Network access to the image database is provided via a client/server architecture that enables the transmission of the images to common computer platforms, including the IBM PC, the Apple Macintosh, and the UNIX workstation. An electronic link between the image database and biblio-graphic records in the library public access catalog extends access to any device (dumb terminal) which connects to the Library gateway via local Ethernet or the Internet, to search the holdings records of the archives. Those surrogate documents which could be converted to ASCII text are linked to the bibliographic records and may be retrieved from the image database and displayed on public access terminals.

2. BACKGROUND ON ARCHIVES IMAGING PROJECT

The archives imaging project grew out of an interest in facilitating access to and use of local collections via the network among the University librarians, whose directives in this era of down-sizing and budget cuts were to rethink and redesign information services.
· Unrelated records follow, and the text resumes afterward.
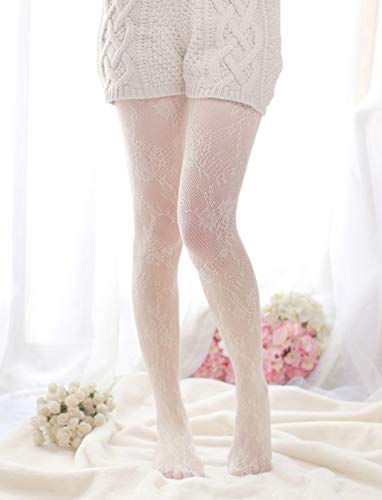 Women Sexy Cream Lace Tight Long Summer Stocking Hollow Out Pantyhose4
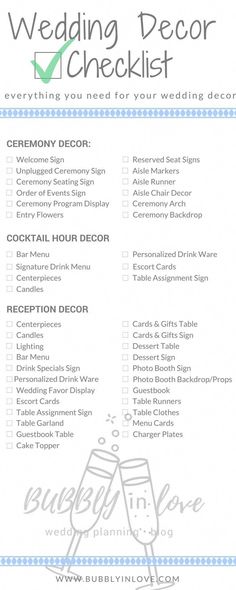 the wedding checklist is shown in blue and white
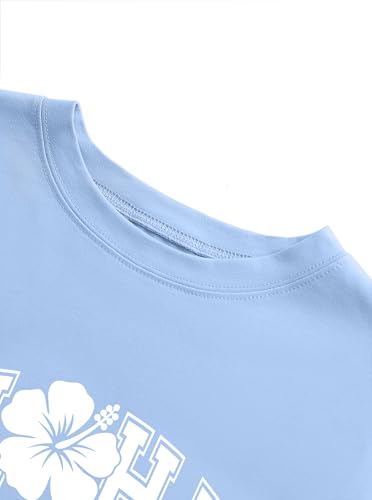 Image of Remidoo Women's Casual Oversized T Shirt Short Sleeve Graphic Tee Flower Baggy Shirts Blue Small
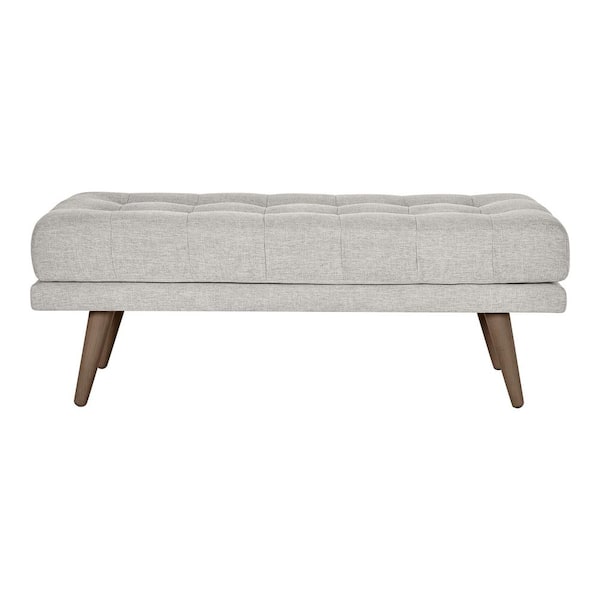 StyleWell Whaverton Dining & Living Upholstered Accent Bench in Stone Gray with Oak Base (48" W x 18" H x 21" D)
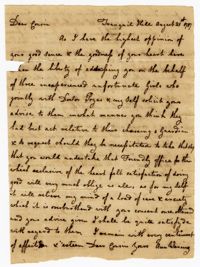 Letter from Ann Waring to her Cousin John Ball, August 21, 1787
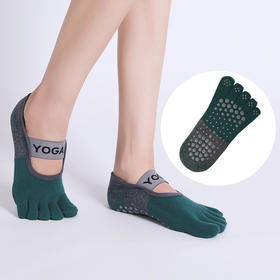 【新品】跨境五指拼色宽绑带女士瑜伽普拉提袜分趾点胶防滑袜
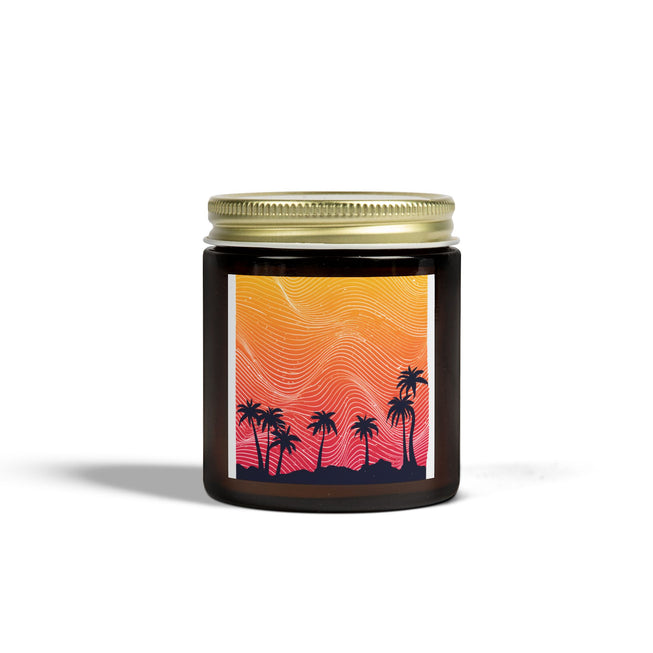 Sunset Pattern Scented Coconut Apricot Candles (4oz, 9oz)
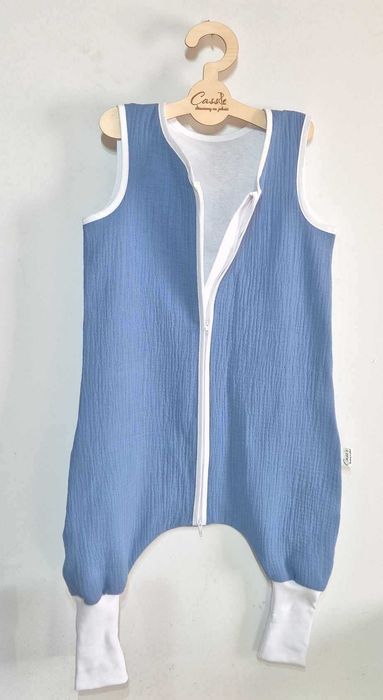 MUŚLINOWY Śpiworek z nogawkami SK skarpety 1 tog r 86-92 kolor Jeans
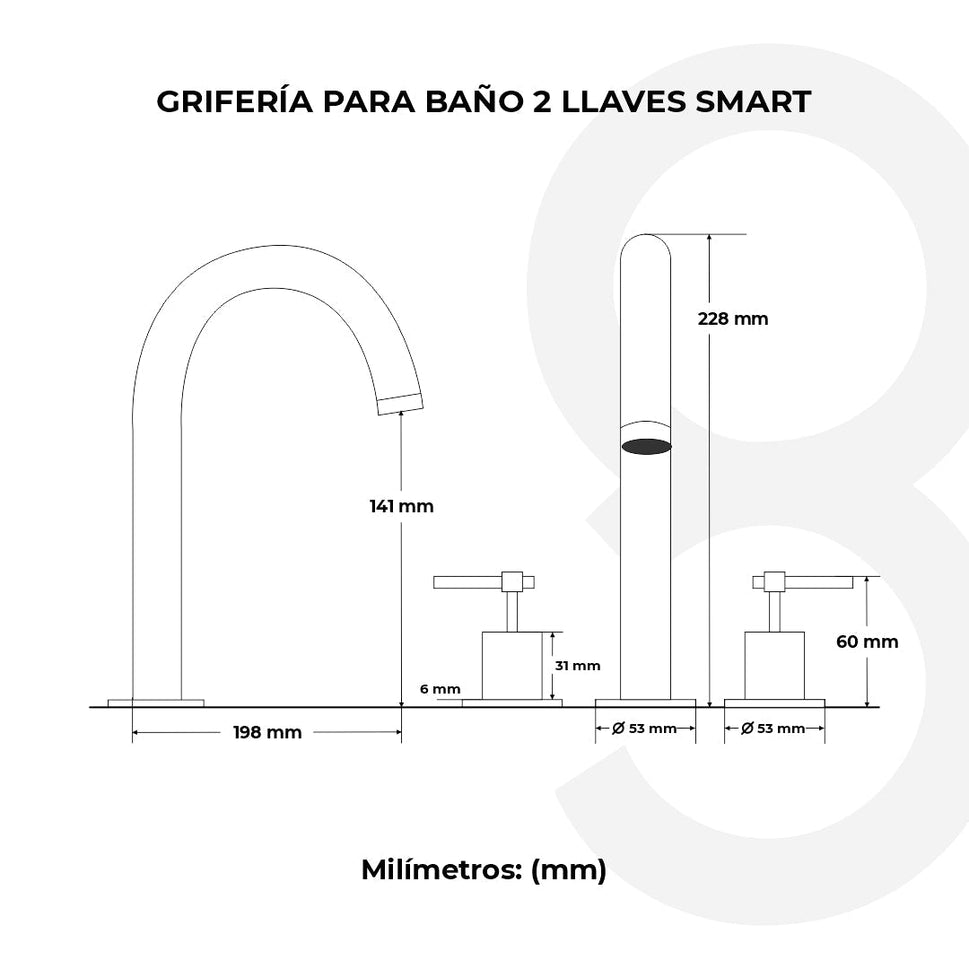 Grifería Para Lavamanos 8" Smart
In this climate, it is not surprising that untapped resources like archival collections would become a focus of attention and the use of optical scanning technology and full text retrieval software would receive serious considera-tion among the options for improving access to and preserving Maine’s historical resources.

The archival collections are diverse in nature but highly complementary, and each Archive was exploring the possibilities of improving access to the materials entrusted to them through the use of computer technology. Up to this point access to these unique collections meant traveling to the archive to use finding aids or other collection guides which substituted for full cataloging, and often even that level of access was restricted because of the frailty of the documents. Small and large organizations alike face problems of control, cataloging, preservation and access to historical docu-ments scattered across wide geographic areas (Kenney, Friedman & Poucher, 1993). Optical disk technology provides a viable, sensible solution to these recurrent problems. Using the power of an electronic imaging system, with full text indexing, in a distributed networked environment enables the library to create facsimiles of the documents and finding aids and revolutionize service for these collections.

3. PROJECT GOALS

The purpose of the project was to broaden access to and preserve from deterioration unique archival resources by applying optical scanning technology to capture text and images in digital form. By providing enhanced access to preserved materials using surrogate documents and finding aids, researchers can use the resources of archives without physically going to them. From an information management perspective, it was an opportunity to explore the appropriateness of digitization for archive resource management and the impact of integrating such services into the library’s existing environment. The project focused on the use of digital technology for preservation and access to archival resources, and investigated the technological problems associated with storage, full text retrieval, image display, user interface design, and delivery.

4. PROJECT DEFINITIONS

Digital image technology is defined as the electronic copying of bit mapped (binary) images at a scanning resolution of 200 dots per inch (dpi). The files were encoded in Aldus/Microsoft TIFF Version 6.0 (Tagged Image File Format), one of the most popular file formats for document images. TIFF provides a means for labeling a file so that application software can decipher the file, thus making it possible to exchange information.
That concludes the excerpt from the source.